▶ [What you need to do]:
A faithful transcription of the entries below is required.

▶ [Data provided]:
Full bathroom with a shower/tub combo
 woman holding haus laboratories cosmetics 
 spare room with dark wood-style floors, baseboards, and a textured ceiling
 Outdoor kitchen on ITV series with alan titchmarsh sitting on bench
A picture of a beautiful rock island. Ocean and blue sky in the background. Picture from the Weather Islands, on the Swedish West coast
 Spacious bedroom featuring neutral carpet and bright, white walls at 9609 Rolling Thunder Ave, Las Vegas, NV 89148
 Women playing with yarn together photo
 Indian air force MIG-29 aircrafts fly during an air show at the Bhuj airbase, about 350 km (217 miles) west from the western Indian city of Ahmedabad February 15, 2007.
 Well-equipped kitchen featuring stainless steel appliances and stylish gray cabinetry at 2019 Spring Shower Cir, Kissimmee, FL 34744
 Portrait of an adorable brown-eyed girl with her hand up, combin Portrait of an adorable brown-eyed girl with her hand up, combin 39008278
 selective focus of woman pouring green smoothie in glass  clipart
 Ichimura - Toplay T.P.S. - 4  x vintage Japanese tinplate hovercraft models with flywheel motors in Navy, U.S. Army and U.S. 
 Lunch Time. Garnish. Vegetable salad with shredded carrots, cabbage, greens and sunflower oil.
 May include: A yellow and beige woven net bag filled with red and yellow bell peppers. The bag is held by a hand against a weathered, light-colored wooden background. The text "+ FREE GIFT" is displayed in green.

▶ [Task result]:
Full bathroom with a shower/tub combo
 woman holding haus laboratories cosmetics 
 spare room with dark wood-style floors, baseboards, and a textured ceiling
 Outdoor kitchen on ITV series with alan titchmarsh sitting on bench
A picture of a beautiful rock island. Ocean and blue sky in the background. Picture from the Weather Islands, on the Swedish West coast
 Spacious bedroom featuring neutral carpet and bright, white walls at 9609 Rolling Thunder Ave, Las Vegas, NV 89148
 Women playing with yarn together photo
 Indian air force MIG-29 aircrafts fly during an air show at the Bhuj airbase, about 350 km (217 miles) west from the western Indian city of Ahmedabad February 15, 2007.
 Well-equipped kitchen featuring stainless steel appliances and stylish gray cabinetry at 2019 Spring Shower Cir, Kissimmee, FL 34744
 Portrait of an adorable brown-eyed girl with her hand up, combin Portrait of an adorable brown-eyed girl with her hand up, combin 39008278
 selective focus of woman pouring green smoothie in glass  clipart
 Ichimura - Toplay T.P.S. - 4  x vintage Japanese tinplate hovercraft models with flywheel motors in Navy, U.S. Army and U.S. 
 Lunch Time. Garnish. Vegetable salad with shredded carrots, cabbage, greens and sunflower oil.
 May include: A yellow and beige woven net bag filled with red and yellow bell peppers. The bag is held by a hand against a weathered, light-colored wooden background. The text "+ FREE GIFT" is displayed in green.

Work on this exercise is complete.